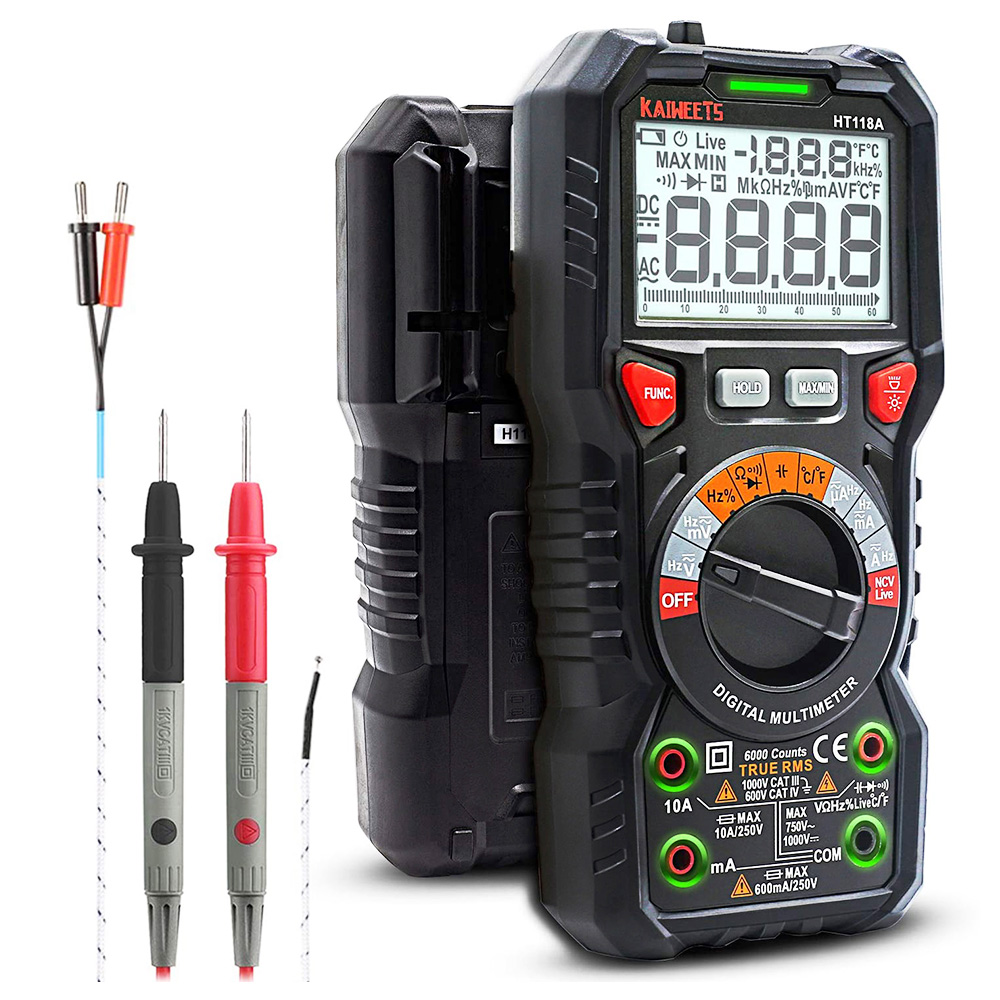 Kaiweets Digital Multimeter Trms 6000 Counts Europe 9188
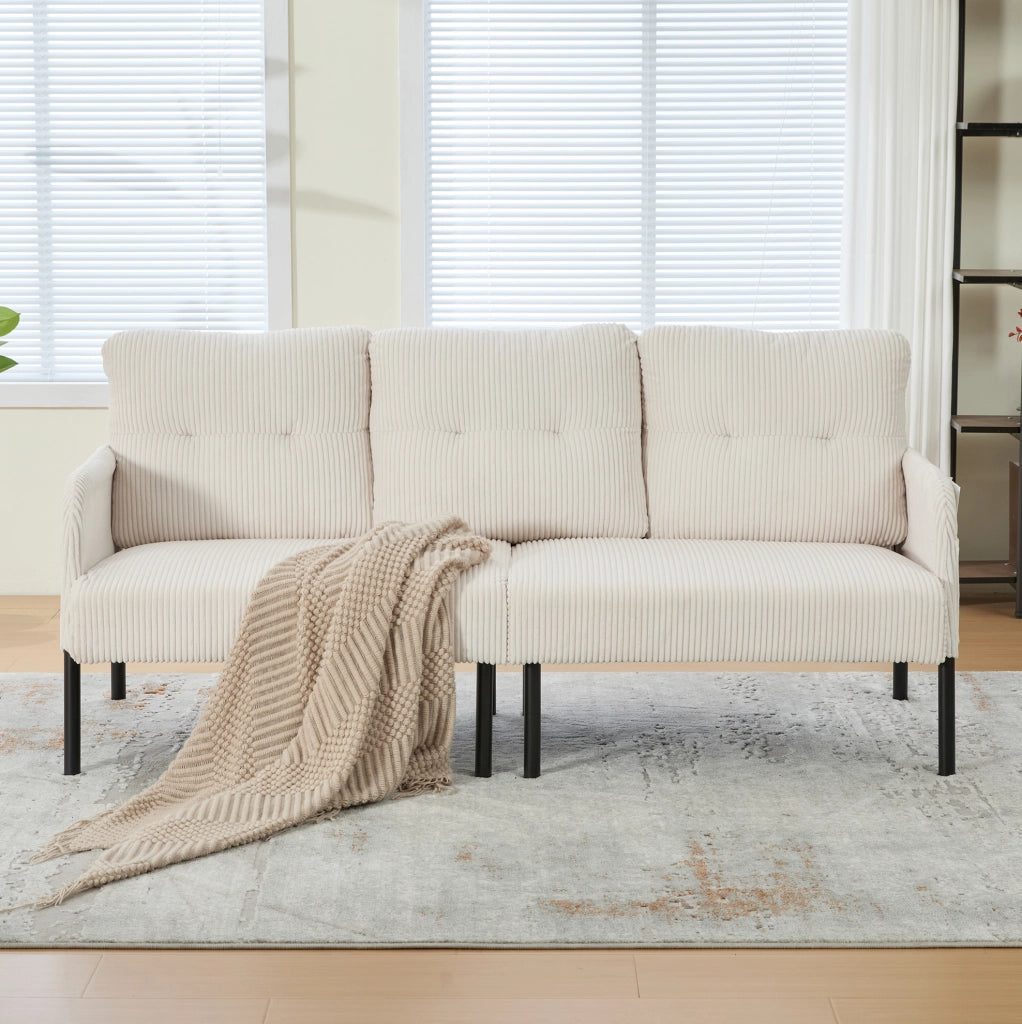 Divano tre posti beige in velluto a coste con schienale ergonomico e tasca laterale capiente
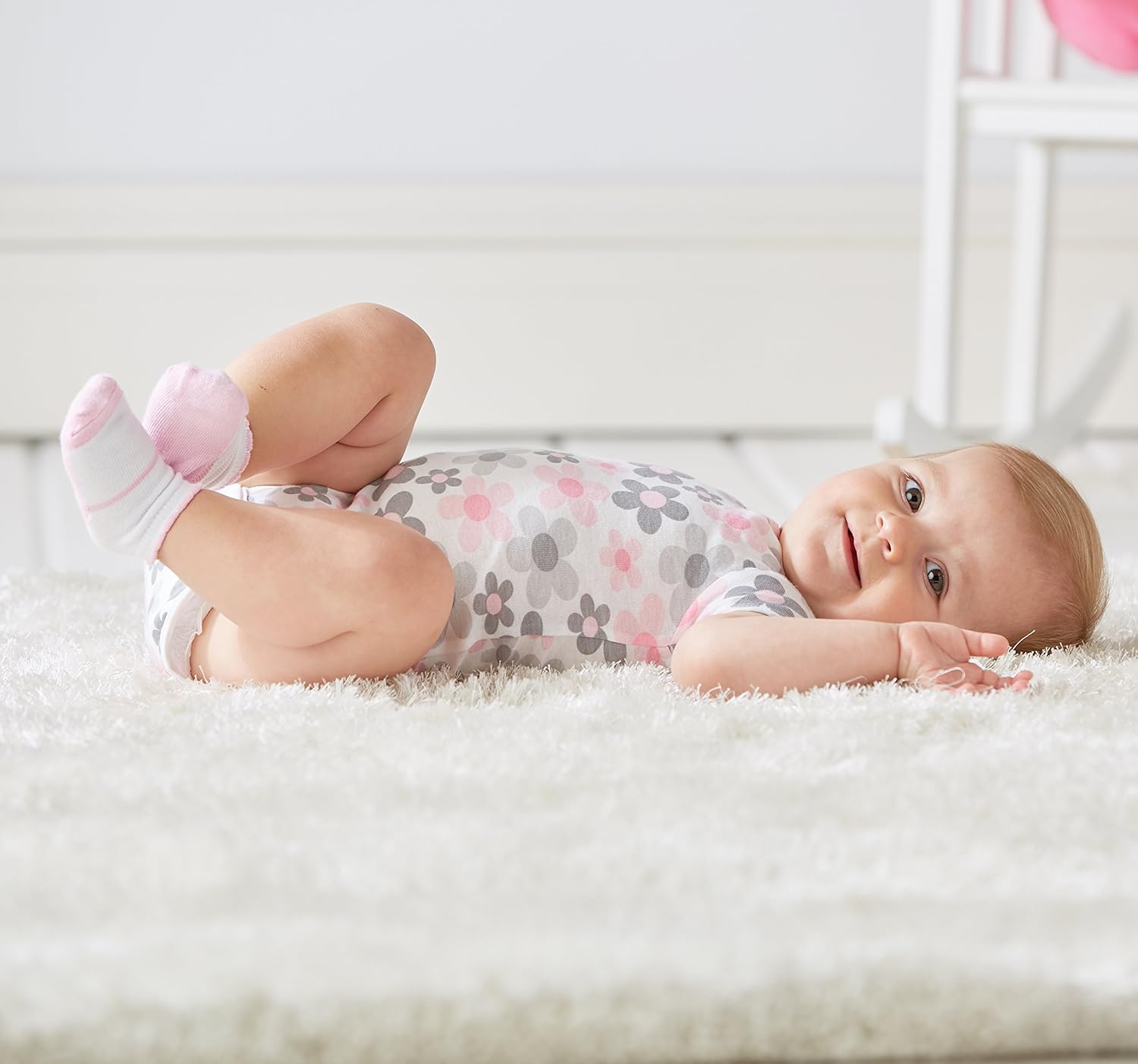 Gerber Baby-Girls 5-Pack Short Sleeve Variety Onesies Bodysuits 0-3 Months Elephants/Flowers 5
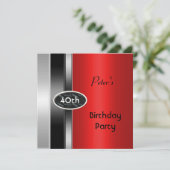Invitation Métal Argent Rouge Mens 40e Anniversaire Fête Homm (Debout devant)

→ **WHAT YOU HAVE TO DO**:
Would you retype all the lines shown above, exactly as written and without any picture?

→ **SOLUTION**:
 Kaiweets Digital Multimeter Trms 6000 Counts Europe 9188
 Divano tre posti beige in velluto a coste con schienale ergonomico e tasca laterale capiente
 Gerber Baby-Girls 5-Pack Short Sleeve Variety Onesies Bodysuits 0-3 Months Elephants/Flowers 5
Invitation Métal Argent Rouge Mens 40e Anniversaire Fête Homm (Debout devant)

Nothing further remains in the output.